1. (C) Summary: Internecine squabbling in the National Liberal Party (PNL) has claimed more prominent critics of Prime Minister Tariceanu. Two former PNL Presidents, Valeriu Stoica and Theodor Stolojan, are the biggest names in a long list of party leaders expelled in recent weeks. The two responded by launching a platform to revitalize the Liberals and unify center-right parties in a "federation"-type arrangement short of a full-fledged merger. While the launch of the alternative platform did not trigger any immediate defections, Stoica told us the move will shore up support for the post-Tariceanu future. Younger PNL voices view the Stolojan-Stoica axis as yesterday,s news. While acknowledging Tariceanu,s weaknesses, they see no immediate alternative in sight, and bemoan the party,s "talent gap" in the race with Basescu,s Democratic party to develop attractive new candidates. Either way, the Liberals have probably done themselves a disservice, at least in terms of providing the party a larger role in the country's future. End Summary.
Purging the critics
2. (C) On October 18, the leadership of a Bucharest PNL branch expelled Valeriu Stoica, president of the PNL in 2001-2002 and deputy PNL president from 1997-2001. Ten days earlier, former PNL president from 2002-2004 (and ex-Prime Minister) Theodor Stolojan was stripped of party membership under similar circumstances. Both were accused of violating party discipline and making statements critical of the party leadership. In late September, two young and promising PNL deputies, Raluca Turcan and Cristian Boureanu, were also expelled by the top party executive body. Earlier in the month, another critic (and possible future rival) of PM Tariceanu, former minister of culture and PNL vice-president Mona Musca, was ousted for alleged collaboration with the communist-era Securitate.

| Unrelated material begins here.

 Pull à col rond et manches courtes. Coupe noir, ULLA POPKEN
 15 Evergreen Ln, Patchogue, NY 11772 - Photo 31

3. (C) Although expelled for different reasons and by different party bodies, all these former PNL personalities shared a common critical stance vis--vis the current PNL leadership and especially of PNL president, PM Calin Popescu-Tariceanu. Over the past year, party dissidents have attacked Tariceanu for blocking a planned merger between the PNL and PD, and for political cronyism, adoption of an increasingly autocratic leadership style, and his surprise demand for withdrawal of Romanian troops from Iraq. The other common denominator of the dissidents was a positive relationship with Basescu, who is in turn anathema to Tariceanu, his circle of young political lieutenants, and the Prime Minister's principal financial backer, Dinu Patriciu.
Liberals vs. Liberals
4. (C) Criticism from the dissident PNL wing culminated with the launch of an alternative party platform on October 15. Signatories included Stoica, Stolojan, Turcan and Boureanu. Mona Musca announced she would not attend the public launch of the platform and said she would not rejoin the political fray until she cleared her name of charges that she was a Securitate informer during the Ceaucescu era.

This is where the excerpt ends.